Željko Hegedušić
The Grain Market in Mitrovica, 1935
oil on canvas
61, 5 × 47 cm
on the reverse: A Composition, circa 1935
61,5 × 46.5 cm
MG-1532
Željko Hegedušić’s The Grain Market in Mitrovica from 1935 indicates that his position within the context of Croatia’s interwar painting was divergent. Although in 1932 he started exhibiting regularly as a guest with the Earth Association of Artists, which was founded by his older brother Krsto, Željko did not share the association’s fundamental commitment to descriptiveness or their pursuit of social criticism. He followed the association’s fundamental concept of form and ideology in general, but what he strove for was a surrealist aesthetics inspired by the overall European legacy of Modernism. Although the grain market in Mitrovica was indeed a typical motif of the association, Željko Hegedušić painted it with a complex network of smeary brushstrokes rather than by using the association’s trademark style of simplified flat forms of local colours. The scene of the vibrant marketplace ends with bleak architecture. The surrealist inventory that Hegedušić only hinted at in his The Grain Market in Mitrovica completely takes over his A Composition on the reverse, which is an imaginary construction of body parts and machines, architecture, musical instruments and symbols.

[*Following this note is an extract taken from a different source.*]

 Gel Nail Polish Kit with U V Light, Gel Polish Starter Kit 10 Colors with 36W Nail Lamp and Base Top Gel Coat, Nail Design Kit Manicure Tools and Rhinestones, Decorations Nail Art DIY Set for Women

After having graduated from the Academy of Fine Arts in Zagreb, Željko Hegedušić studied in Paris, where he came into contact with Purism and metaphysical Surrealism. In the 1950s he started working on graphic art projects and mixed painting techniques. His imagination was becoming increasingly wide and brought to life surreal, playful motifs depicting a wide array of experiences ranging from tragic to lyrical. He taught at high schools in Zagreb and Srijemska Mitrovica, and at the Academy of Applied Arts in Zagreb. He also did wall paintings, applied print techniques, design and book illustration, and copied frescoes.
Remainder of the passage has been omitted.